Что-то здесь все же не стыкуется у Драйзера. Его Каупервуд – образцово-показательный джентльмен без сердца и воображения, мономаньяк, – попав в тюрьму за аферу с городской казной, зачем-то тужится испытывать подобие человеческих эмоций, даже плачет, оставаясь в душе абсолютно «непроницаемым» ни для каких жизненных уроков (кроме разве что одного: тюрьма – это «капкан», и больше он в него не попадется!). Выйдя на волю, при следующей биржевой панике он возвращает себе потерянный миллион и уезжает с ним покорять Чикаго, следуя за наметившимся после неслыханного пожара «направлением золотого потока», – истинный финансист!
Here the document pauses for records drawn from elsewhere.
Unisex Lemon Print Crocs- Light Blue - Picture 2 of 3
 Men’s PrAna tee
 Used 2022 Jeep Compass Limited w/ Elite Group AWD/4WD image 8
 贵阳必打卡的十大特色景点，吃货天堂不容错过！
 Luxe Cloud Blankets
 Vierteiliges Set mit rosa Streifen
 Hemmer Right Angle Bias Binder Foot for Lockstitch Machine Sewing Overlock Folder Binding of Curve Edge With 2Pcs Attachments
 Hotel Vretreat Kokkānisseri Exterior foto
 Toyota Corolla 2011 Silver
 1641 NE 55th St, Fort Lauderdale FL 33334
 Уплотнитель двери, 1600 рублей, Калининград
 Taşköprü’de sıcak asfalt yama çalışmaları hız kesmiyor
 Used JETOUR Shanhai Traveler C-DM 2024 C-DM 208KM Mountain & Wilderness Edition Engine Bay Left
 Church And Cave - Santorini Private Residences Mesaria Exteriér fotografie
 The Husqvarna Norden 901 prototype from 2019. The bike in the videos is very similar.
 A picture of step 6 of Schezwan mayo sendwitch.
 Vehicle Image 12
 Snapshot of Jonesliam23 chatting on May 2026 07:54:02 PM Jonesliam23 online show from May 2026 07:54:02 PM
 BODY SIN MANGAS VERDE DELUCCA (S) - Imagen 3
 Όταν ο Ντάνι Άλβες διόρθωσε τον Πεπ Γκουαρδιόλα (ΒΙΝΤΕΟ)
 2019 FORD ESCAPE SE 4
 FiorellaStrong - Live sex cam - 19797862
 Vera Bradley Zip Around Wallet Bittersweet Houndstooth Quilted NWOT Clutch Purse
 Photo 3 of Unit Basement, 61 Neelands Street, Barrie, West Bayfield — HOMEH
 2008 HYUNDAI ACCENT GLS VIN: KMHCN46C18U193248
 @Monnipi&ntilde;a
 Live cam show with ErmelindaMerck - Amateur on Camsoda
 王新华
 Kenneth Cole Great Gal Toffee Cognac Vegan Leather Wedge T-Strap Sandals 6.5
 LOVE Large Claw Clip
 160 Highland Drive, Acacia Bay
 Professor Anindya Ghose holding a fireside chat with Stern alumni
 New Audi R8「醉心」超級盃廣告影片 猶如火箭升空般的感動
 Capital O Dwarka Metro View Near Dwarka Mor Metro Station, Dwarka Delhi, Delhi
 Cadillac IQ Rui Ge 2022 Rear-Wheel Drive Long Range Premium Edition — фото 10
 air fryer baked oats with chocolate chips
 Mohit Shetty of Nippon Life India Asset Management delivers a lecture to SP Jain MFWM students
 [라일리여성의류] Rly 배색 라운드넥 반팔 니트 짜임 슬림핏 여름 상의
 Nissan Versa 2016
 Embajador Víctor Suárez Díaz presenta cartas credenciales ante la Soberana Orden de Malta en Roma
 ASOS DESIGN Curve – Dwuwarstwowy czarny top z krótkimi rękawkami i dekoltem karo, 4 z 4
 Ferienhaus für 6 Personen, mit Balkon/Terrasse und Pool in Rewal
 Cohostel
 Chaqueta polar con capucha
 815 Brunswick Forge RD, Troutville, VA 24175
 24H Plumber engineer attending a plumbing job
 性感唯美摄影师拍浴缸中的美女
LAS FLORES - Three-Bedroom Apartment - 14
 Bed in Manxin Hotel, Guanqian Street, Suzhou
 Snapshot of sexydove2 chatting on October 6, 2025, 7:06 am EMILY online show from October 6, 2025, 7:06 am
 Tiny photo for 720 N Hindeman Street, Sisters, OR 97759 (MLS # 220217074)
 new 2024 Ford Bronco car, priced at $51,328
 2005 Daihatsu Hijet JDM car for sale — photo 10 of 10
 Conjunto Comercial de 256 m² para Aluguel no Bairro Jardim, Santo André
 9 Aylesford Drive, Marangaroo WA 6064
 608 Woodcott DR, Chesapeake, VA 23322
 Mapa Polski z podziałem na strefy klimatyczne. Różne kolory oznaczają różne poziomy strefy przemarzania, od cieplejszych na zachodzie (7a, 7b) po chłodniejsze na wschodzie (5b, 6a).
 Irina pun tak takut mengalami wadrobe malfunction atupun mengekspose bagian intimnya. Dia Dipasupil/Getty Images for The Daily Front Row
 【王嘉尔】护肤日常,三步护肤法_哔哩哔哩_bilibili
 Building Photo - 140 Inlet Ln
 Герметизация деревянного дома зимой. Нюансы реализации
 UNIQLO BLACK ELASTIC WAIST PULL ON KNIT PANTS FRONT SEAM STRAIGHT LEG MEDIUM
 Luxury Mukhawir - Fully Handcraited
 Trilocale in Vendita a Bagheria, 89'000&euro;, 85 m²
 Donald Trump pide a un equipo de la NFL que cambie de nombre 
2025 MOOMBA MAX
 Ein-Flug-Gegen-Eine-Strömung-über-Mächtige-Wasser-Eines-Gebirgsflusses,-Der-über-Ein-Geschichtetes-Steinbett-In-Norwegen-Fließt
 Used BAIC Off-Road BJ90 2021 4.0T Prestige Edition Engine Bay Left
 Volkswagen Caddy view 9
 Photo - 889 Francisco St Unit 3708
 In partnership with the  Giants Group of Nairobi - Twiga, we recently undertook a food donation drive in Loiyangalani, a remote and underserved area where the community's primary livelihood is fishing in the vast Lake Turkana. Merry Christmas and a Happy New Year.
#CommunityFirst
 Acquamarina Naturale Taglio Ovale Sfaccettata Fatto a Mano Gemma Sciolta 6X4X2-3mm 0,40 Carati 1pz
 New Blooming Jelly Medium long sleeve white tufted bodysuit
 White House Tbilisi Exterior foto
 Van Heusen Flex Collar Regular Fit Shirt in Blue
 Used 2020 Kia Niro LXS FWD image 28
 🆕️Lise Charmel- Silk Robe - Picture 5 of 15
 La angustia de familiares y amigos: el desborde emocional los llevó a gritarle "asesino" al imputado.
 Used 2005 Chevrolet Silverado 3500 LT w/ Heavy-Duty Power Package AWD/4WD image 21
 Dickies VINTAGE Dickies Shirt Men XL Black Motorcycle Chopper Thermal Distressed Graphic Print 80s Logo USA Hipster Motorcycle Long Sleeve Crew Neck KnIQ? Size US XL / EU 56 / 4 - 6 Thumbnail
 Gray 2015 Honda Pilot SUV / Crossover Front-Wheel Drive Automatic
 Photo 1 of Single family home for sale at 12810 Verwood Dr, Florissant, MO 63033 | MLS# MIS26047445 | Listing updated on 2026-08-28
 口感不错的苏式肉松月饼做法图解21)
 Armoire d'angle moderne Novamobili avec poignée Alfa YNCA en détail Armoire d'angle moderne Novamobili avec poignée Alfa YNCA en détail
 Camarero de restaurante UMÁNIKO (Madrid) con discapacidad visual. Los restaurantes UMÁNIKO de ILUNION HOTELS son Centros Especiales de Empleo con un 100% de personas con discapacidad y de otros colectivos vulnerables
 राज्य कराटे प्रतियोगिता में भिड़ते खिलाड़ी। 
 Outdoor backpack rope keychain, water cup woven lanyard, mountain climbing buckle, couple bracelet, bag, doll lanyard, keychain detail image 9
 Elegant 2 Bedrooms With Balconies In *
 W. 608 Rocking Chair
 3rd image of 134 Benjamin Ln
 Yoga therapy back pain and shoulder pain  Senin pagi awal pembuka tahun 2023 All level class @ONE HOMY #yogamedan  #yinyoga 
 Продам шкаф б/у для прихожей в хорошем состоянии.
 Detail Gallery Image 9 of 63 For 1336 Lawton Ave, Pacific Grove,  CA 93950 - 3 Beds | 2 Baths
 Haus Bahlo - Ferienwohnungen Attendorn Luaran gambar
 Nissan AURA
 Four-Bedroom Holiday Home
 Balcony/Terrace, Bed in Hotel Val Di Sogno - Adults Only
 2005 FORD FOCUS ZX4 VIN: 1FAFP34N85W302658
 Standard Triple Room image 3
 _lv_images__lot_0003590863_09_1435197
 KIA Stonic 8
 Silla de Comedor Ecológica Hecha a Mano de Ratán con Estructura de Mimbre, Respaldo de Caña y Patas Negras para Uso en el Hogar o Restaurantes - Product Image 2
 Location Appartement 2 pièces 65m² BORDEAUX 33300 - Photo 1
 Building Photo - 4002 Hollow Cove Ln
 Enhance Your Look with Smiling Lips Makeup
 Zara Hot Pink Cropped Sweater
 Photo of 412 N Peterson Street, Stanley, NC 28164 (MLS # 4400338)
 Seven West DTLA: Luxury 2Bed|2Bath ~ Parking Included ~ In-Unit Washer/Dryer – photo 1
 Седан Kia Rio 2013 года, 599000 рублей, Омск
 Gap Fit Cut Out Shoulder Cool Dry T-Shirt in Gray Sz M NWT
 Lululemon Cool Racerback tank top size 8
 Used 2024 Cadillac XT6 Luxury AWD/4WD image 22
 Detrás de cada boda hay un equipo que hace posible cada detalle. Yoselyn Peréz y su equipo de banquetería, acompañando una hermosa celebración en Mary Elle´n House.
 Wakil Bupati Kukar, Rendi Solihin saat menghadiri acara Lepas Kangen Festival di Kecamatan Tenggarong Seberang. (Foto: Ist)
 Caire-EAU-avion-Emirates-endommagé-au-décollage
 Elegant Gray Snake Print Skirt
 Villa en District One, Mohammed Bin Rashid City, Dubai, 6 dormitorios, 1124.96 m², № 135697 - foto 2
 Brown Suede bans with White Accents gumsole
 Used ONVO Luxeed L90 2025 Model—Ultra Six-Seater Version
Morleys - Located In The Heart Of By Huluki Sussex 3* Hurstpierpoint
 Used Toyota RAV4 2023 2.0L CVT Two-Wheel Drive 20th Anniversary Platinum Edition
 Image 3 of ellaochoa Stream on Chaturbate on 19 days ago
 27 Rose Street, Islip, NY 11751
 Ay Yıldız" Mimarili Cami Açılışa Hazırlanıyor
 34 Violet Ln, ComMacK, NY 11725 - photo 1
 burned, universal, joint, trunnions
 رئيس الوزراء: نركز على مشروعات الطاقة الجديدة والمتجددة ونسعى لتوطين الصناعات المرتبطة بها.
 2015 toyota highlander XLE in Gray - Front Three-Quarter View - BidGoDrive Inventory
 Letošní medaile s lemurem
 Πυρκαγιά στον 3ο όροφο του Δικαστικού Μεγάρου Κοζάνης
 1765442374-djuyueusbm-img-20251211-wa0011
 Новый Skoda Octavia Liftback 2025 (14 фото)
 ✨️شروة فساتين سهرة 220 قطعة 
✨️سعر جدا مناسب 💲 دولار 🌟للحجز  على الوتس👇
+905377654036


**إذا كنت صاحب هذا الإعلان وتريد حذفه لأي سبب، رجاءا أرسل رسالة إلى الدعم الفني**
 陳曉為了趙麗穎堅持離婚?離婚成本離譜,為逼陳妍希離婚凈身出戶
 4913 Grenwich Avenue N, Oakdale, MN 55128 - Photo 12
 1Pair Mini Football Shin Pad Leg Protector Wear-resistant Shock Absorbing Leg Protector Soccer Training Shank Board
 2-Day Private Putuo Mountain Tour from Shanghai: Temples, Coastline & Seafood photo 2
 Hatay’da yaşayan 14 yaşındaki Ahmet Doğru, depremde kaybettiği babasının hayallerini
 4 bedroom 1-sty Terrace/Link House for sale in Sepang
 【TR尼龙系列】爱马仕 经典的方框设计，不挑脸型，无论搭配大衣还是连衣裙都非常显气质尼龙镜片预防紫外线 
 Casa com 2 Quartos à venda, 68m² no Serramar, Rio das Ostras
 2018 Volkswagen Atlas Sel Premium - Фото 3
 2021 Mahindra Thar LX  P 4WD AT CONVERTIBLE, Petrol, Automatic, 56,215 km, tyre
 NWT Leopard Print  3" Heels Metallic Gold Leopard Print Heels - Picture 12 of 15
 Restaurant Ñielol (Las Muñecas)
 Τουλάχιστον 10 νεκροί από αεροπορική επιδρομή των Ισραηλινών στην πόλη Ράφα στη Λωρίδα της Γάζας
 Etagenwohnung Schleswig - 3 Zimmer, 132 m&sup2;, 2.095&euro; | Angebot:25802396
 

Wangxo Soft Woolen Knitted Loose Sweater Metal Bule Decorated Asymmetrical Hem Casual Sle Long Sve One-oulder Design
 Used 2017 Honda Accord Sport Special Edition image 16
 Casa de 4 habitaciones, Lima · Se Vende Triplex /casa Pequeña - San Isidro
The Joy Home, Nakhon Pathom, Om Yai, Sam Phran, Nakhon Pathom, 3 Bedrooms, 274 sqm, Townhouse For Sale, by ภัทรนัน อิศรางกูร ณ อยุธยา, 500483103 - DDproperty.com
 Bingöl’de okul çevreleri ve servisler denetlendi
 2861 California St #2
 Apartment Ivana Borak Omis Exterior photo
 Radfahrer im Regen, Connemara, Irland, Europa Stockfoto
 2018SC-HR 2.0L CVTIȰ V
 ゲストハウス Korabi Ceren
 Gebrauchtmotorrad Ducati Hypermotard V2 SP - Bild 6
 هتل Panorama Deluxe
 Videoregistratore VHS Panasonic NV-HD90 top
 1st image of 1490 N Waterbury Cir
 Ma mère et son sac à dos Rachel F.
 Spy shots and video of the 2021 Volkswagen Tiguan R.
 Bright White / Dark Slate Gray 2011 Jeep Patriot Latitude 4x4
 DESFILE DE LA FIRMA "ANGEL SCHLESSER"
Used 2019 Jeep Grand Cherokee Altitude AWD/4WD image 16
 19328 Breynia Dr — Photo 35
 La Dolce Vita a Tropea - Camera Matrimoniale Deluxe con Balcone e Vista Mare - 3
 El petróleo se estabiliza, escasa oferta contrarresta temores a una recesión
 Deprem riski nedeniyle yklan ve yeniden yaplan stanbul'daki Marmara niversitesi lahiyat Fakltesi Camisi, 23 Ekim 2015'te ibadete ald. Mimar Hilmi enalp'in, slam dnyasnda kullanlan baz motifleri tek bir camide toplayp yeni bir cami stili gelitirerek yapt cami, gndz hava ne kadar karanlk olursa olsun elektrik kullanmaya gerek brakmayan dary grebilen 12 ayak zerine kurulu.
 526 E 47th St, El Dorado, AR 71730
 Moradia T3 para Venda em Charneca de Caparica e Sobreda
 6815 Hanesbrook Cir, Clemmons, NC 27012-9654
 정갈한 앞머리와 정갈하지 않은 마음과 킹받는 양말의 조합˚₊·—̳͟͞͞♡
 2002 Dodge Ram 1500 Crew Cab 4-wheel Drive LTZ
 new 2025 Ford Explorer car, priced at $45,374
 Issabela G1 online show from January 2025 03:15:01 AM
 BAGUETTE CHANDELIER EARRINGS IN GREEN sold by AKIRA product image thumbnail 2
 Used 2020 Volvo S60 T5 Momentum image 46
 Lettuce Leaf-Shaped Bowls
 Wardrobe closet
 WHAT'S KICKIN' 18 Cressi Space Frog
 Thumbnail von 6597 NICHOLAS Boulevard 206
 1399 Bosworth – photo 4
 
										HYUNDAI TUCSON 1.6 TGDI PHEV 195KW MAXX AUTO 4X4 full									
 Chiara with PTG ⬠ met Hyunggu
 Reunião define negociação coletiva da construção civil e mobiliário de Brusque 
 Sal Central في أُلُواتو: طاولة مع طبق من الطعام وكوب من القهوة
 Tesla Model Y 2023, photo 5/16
Так вот: читателю совсем не трудно поверить, что Каупервуд забрал с собой в Чикаго яркую девушку, дочь человека, упрятавшего его в тюрьму. Куда труднее принять за чистую монету романтическую историю их любви, предложенную писателем. Вообще, психология не самое сильное место романа, то и дело соскальзывающего в пародию на психологический роман. Например: «Погруженный в эти мечтания, он шел по улице, забыв о том, что существуют такие понятия, как гражданский долг и общественная нравственность». И примеров подобной стилистической безвкусицы у Драйзера немерено.

Поэтому вернемся к исходному тезису: «Финансист» – это социальный роман, в котором судьбы персонажей лишь виньетки на полях хлебно-комиссионной торговли, кредитования, учета векселей, биржевой игры, политиканства и механизма сращения нечистоплотного бизнеса с коррупционерами во власти (и описание технологий казнокрадства читается почти как наши сегодняшние газеты). Кому это интересно, тот не заскучает. Как уже говорилось, главный герой здесь совсем не Каупервуд, а деньги: не физическое лицо и биржевый игрок, а текучая и летучая сущность финансов – этого адреналина экономики. И в описаниях банковско-биржевой рутины и политического закулисья Драйзер не позволяет себе никакого романтического тумана.